SCR API¶
SCR is designed to support MPI applications that write application-level checkpoints and output datasets. Both types of datasets (checkpoints and output) must be stored as a file-per-process, and they must be accessed in a globally-coordinated fashion. In a given dataset, each process may actually write zero or more files, but the current implementation assumes that each process writes roughly the same amount of data.
Parallel file systems allow any process in an MPI job to read/write any byte of a file at any time. However, most applications do not require this full generality. SCR supplies API calls that enable the application to specify limits on its data access in both time and space. Start and complete calls indicate when an application needs to write or read its data. Data cannot be accessed outside of these markers. Additionally, each MPI process may only read files written by itself or another process having the same MPI rank in a previous run. An MPI process cannot read files written by a process having a different MPI rank.
The API is designed to be simple, scalable, and portable. It consists of a small number of function calls to wrap existing application I/O logic. Unless otherwise stated, SCR functions are collective, meaning all processes must call the function synchronously. The underlying implementation may or may not be synchronous, but to be portable, an application must treat a collective call as though it is synchronous. This constraint enables the SCR implementation to utilize the full resources of the job in a collective manner to optimize performance at critical points such as computing redundancy data.
In the sections below, we show the function prototypes for C and Fortran, respectively.
Applications written in C should include “scr.h
”,
and Fortran should include “scrf.h
”.
All functions return SCR_SUCCESS
if successful.
General API¶
SCR_Init¶
int SCR_Init();
SCR_INIT(IERROR)
INTEGER IERROR
Initialize the SCR library.
This function must be called after MPI_Init
, and
it is good practice to call this function immediately after MPI_Init
.
A process should only call SCR_Init
once during its execution.
No other SCR calls are valid until a process has returned from SCR_Init
.
SCR_Finalize¶
int SCR_Finalize();
SCR_FINALIZE(IERROR)
INTEGER IERROR
Shut down the SCR library.
This function must be called before MPI_Finalize
, and
it is good practice to call this function just before MPI_Finalize
.
A process should only call SCR_Finalize
once during its execution.
If SCR_FLUSH
is enabled,
SCR_Finalize
flushes any datasets to the prefix directory if necessary.
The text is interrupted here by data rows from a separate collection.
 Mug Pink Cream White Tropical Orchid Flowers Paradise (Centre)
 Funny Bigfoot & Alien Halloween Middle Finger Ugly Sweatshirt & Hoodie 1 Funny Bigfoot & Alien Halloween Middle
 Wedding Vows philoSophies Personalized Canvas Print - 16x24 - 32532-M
It updates the halt file to indicate that SCR_Finalize
has been called.
This halt condition prevents the job from restarting (Section Halt a job).
SCR_Get_version¶
char* SCR_Get_version(void);
SCR_GET_VERSION(VERSION, IERROR)
CHARACTER*(*) VERSION
INTEGER IERROR
This function returns a string that indicates the version number of SCR that is currently in use.
SCR_Should_exit¶
int SCR_Should_exit(int* flag);
SCR_SHOULD_EXIT(FLAG, IERROR)
INTEGER FLAG, IERROR
SCR_Should_exit
provides a portable way for an application
to determine whether it should halt its execution.
This function is passed a pointer to an integer in flag
.
Upon returning from SCR_Should_exit
,
flag
is set to the value 1
if the application should stop,
and it is set to 0
otherwise.
The call returns the same value in flag
on all processes.
It is recommended to call this function after each checkpoint.
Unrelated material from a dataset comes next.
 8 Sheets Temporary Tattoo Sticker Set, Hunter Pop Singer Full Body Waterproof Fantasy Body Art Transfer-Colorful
Since datasets in cache may be deleted by the system at the end of an allocation,
it is critical for a job to stop early enough to leave time to copy datasets
from cache to the parallel file system before the allocation expires.
By default, the SCR library automatically calls exit
at certain points.
This works especially well in conjunction with the SCR_HALT_SECONDS
parameter.
However, this default behavior does not provide the application a chance to exit cleanly.
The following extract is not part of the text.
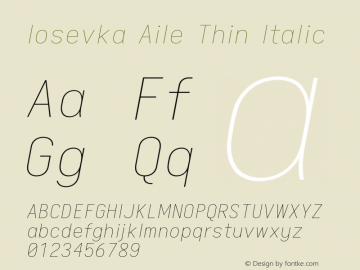 Iosevka Aile Thin Italic 2.3.0; ttfautohint (v1.8.3) Font Sample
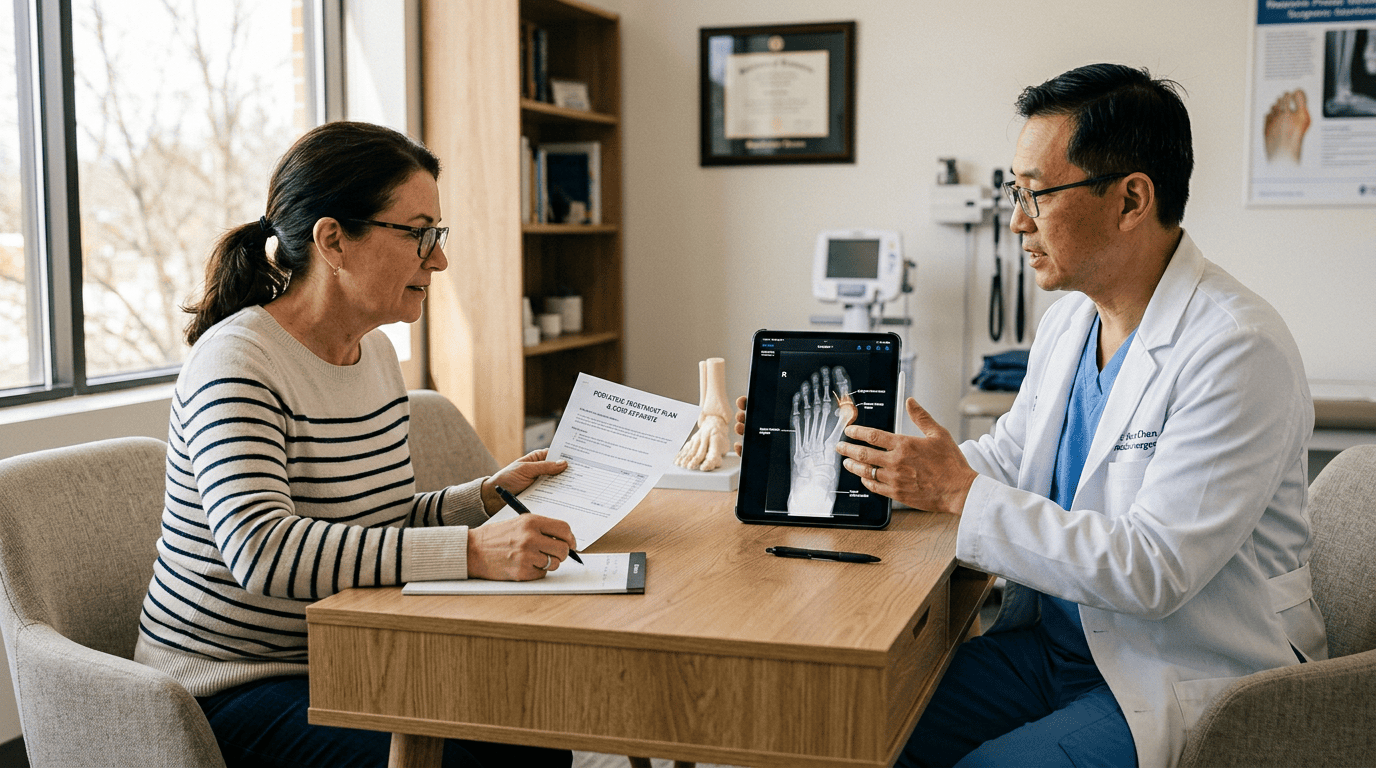 Planning the Cost of Bunion Surgery A podiatric surgeon reviewing a foot X-ray on a tablet while a patient looks at a printed cost estimate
SCR can be configured to avoid an automatic exit using the SCR_HALT_ENABLED
parameter.
This call also enables a running application to react to external commands.
For instance, if the application has been instructed to halt using the scr_halt
command,
then SCR_Should_exit
relays that information.
SCR_Route_file¶
int SCR_Route_file(const char* name, char* file);
SCR_ROUTE_FILE(NAME, FILE, IERROR)
CHARACTER*(*) NAME, FILE
INTEGER IERROR
When files are under control of SCR, they may
be written to or exist on different levels of the storage hierarchy
at different points in time.
For example, a checkpoint might be written first to the RAM disk of
a compute node and then later transferred to a burst buffer or the
parallel file system by SCR. In order for an application to discover where
a file should be written to or read from, we provide the
SCR_Route_file
routine.
A process calls SCR_Route_file
to obtain the full path and file name
it must use to access a file under SCR control.
The name of the file that the process intends to access must be passed in the name
argument.
A pointer to a character buffer of at least SCR_MAX_FILENAME
bytes must be passed in file
.
When a call to SCR_Route_file
returns,
the full path and file name to access the file named in name
is written
to the buffer pointed to by file
.
The process must use the character string returned in file
to access the file.
A process does not need to create any directories listed in the string returned in file
.
The SCR implementation creates any necessary directories before returning from the call.
A call to SCR_Route_file
is local to the calling process; it is not a collective call.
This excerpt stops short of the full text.